1. ## poisson

Q.
A customer comes to a gas station at a rate of one every five minutes. what is the probability
(a) that no one comes for 5 mins
(b)that at least 3 cars come during five minutes!??

i know it is poisson but in (a) i dont know what lamda is and why?
and in
(b) i have 1-[e^(-lamda.t)]-[lamda.t.e^(-lambda.t)]-[1/2(lambda.t)^2.e^(-lambda.t)]
that is the answer in the book but I don't see why the "t" is brought down , do you differentiate it or something???

2. Originally Posted by eleahy
Q.
A customer comes to a gas station at a rate of one every five minutes. what is the probability
(a) that no one comes for 5 mins
(b)that at least 3 cars come during five minutes!??

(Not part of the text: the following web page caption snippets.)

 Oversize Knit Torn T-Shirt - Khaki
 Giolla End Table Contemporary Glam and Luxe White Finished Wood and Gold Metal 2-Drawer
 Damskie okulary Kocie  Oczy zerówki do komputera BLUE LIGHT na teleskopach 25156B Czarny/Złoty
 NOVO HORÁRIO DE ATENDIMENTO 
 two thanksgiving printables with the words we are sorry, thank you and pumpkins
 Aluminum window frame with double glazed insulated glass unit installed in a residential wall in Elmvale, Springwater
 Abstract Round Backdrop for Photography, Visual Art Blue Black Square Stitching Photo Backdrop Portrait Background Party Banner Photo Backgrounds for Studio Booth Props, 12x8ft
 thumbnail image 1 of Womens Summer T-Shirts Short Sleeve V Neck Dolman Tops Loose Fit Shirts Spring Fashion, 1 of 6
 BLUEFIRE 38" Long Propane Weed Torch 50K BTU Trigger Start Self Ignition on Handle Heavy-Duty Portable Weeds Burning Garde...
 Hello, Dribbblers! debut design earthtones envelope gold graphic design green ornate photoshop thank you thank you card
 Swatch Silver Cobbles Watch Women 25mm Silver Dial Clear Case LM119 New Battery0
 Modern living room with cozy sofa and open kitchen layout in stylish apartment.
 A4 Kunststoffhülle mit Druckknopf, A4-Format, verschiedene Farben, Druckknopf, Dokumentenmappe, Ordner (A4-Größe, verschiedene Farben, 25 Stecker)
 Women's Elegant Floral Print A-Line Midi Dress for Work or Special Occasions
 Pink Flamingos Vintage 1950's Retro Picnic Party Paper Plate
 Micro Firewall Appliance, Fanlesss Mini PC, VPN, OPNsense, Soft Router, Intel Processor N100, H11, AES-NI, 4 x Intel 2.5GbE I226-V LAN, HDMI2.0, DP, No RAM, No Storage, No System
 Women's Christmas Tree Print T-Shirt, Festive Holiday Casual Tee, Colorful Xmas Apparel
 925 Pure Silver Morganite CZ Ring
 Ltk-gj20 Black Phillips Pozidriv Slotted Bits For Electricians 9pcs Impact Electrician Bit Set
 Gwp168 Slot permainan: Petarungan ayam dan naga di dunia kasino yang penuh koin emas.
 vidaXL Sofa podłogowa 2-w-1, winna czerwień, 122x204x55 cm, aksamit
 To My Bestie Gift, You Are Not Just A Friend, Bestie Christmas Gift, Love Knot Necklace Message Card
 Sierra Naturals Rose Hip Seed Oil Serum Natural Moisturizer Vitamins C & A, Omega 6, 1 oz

i know it is poisson but in (a) i dont know what lamda is and why?
and in
(b) i have 1-[e^(-lamda.t)]-[lamda.t.e^(-lambda.t)]-[1/2(lambda.t)^2.e^(-lambda.t)]
that is the answer in the book but I don't see why the "t" is brought down , do you differentiate it or something???
He gives you the rate which is 1 (or 1/5 depending on how you look at it). For (a) what is the distribution of the waiting time? For (b) I think you need to look up what the Poisson distribution is.